Elvio was, needless to say, and quite properly, making use of the large antechamber while he spoke with Mrs Kremmer, the mother of the deceased, and the two younger Kremmer boys. The remains of the eldest Kremmer son had been partly compiled and inventoried by me prior to the sudden and unexpected arrival of the Esterhazen girl and her unfortunate mother that Friday morning. The shotgun death is, for me, an unsightly, often unnerving spectacle. It is only when one has worked with the remains for some time, perhaps even for hours if the wounds are extensive, that one is able to proceed with detachment. It is a matter on which I have speculated from time to time these last three days that I may have dealt with the drowned girl's mother more sympathetically, more professionally, if I had not come directly from Kremmer's bloody work.

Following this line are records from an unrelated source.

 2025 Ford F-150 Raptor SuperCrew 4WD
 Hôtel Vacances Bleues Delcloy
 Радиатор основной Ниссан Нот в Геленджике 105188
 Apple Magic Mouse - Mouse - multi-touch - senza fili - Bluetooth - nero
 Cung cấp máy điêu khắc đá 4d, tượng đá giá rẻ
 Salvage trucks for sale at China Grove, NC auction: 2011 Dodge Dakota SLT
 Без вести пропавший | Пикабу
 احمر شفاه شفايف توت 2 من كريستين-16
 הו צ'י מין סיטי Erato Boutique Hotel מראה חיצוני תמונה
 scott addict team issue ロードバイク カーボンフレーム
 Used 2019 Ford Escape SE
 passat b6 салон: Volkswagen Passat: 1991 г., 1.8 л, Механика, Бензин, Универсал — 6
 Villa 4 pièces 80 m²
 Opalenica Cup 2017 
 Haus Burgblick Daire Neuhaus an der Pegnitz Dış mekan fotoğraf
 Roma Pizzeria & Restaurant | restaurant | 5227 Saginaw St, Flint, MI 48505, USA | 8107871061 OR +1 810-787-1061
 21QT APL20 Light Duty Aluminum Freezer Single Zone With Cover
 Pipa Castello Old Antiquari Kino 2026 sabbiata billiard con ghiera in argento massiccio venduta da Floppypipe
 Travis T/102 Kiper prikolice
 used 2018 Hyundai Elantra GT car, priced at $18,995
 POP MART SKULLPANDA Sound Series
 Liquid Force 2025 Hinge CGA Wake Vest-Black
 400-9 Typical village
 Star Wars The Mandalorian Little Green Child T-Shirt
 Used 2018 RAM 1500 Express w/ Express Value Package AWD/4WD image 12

There was not, I insist, a single grain of moral censure in my bearing. I take no such liberties with my clients. Each and every one is treated with the respect one reserves for the dead. If anything, Elvio's information may have caused me to exhibit some reluctance, a kind of distress, a suggestion of hesitation that may have been open to misinterpretation. It is possible that I examined the mother's face too closely, searching for the tell-tale sign: that she had known all along, always knew how her child would end. 'Such an innocent,' Elvio had informed me. 'She had just the right look, could've charged double.' She'd worked the car park by the school near the football ground. It was a traditional place for the sort of pleasures she had to offer. 'From time to time,' he said as he sorted the day's receipts, 'I went there. That Esterhazen girl,' he said, and pressed his fingers to his lips. 'Of course,' he said by way of explanation, 'she was not interested in the business proposal I had to offer. Strictly business,' he said. 'One must assess the supply.' The young, he believed, set too much store by their own luck. His proposal, he insisted, would have been a simple matter, with no great expense, to place the advertisements discreetly in The Advocate, to provide a phone service, the use of a car. Yet the girls he had approached were reluctant. 'And only a small supervisory fee involved,' he said. 'A small loss of income,' he said, 'for such improved conditions of security.' They had merely to have left the organisation with him and the potential for increased bargaining power was, he believed, enormous.